Loading+ Meine Liste

Die reichsten zehn Prozent der Weltbevölkerung sind für die Hälfte aller Emissionen verantwortlich. Dagegen emittieren die ärmsten 50 Prozent nur ein Zehntel aller Treibhausgase. Die extreme ökonomische Ungleichheit auf der Welt und die Klimafrage lassen sich nur gemeinsam lösen – oder gar nicht, so Tim Gore von Oxfam. Es sind die reichsten zehn Prozent, deren Fußabdruck dramatisch schrumpfen muss, so der renommierte Klimawissenschaftler Kevin Anderson. Bereits jetzt sterben laut WHO bereits 150.000 Menschen im Jahr durch klimabedingte Dürren, Überschwemmungen, Stürme und Erkrankungen. Bei fortschreitender Erwärmung drohen Kipppunkte im Klimasystem überschritten zu werden, etwa wenn die nordischen Permafrostböden schmelzen und gewaltige Mengen des Treibhausgases Methan freisetzen. Um eine Chance zu haben, unter zwei Grad zu bleiben, müssen die Industrienationen ihre Emissionen um 80 Prozent bis 2030 senken – statt um 40 Prozent, wie von der EU angeboten.

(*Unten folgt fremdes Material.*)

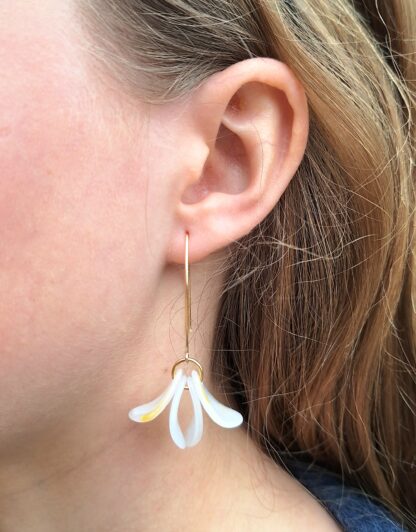 Boucles Flore parme – Image 2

Dazu muss der größte Teil von Kohle, Öl und Gas im Boden bleiben, so der Bolivianer Pablo Solón. Doch statt die Förderung zu begrenzen, setzen Wirtschaft und Regierungen auf fragwürdige Mechanismen wie den Emissionshandel sowie Risikotechnologien wie Kohlenstoffabscheidung und Geo-Engineering. Statt auf Risikotechnologien zu bauen, fordern Klimawissenschaftler, Aktivisten und Vertreter der Klimagerechtigkeitsbewegung einen raschen Umbau der Infrastrukturen etwa im Verkehr und in der Energieversorgung, eine massive Senkung des Konsums der reicheren Schichten und einen Ausbau der kleinbäuerlichen ökologischen Landwirtschaft. Wenn die Regierungen diesen notwendigen Wandel nicht vollziehen, müssten die Bevölkerungen ihn selbst in die Hand nehmen, durch Initiativen auf kommunaler Ebene und Aktionen des zivilen Ungehorsams wie etwa der Blockade des Braunkohletagebaus.
mit
Kayah George, Lummi Nation, USA
Aile Javo, Präsidentin des Saami-Rates, Norwegen
Themba Austin Chauke, La Via Campesina, Südafrika
Mariama Williams, The South Centre, Genf / Jamaika
Pablo Solón, ehem. Chef-Klimaunterhändler für Bolivien
Alice Bows-Larkin, Klimawissenschaftlerin, Tyndall Centre (GB)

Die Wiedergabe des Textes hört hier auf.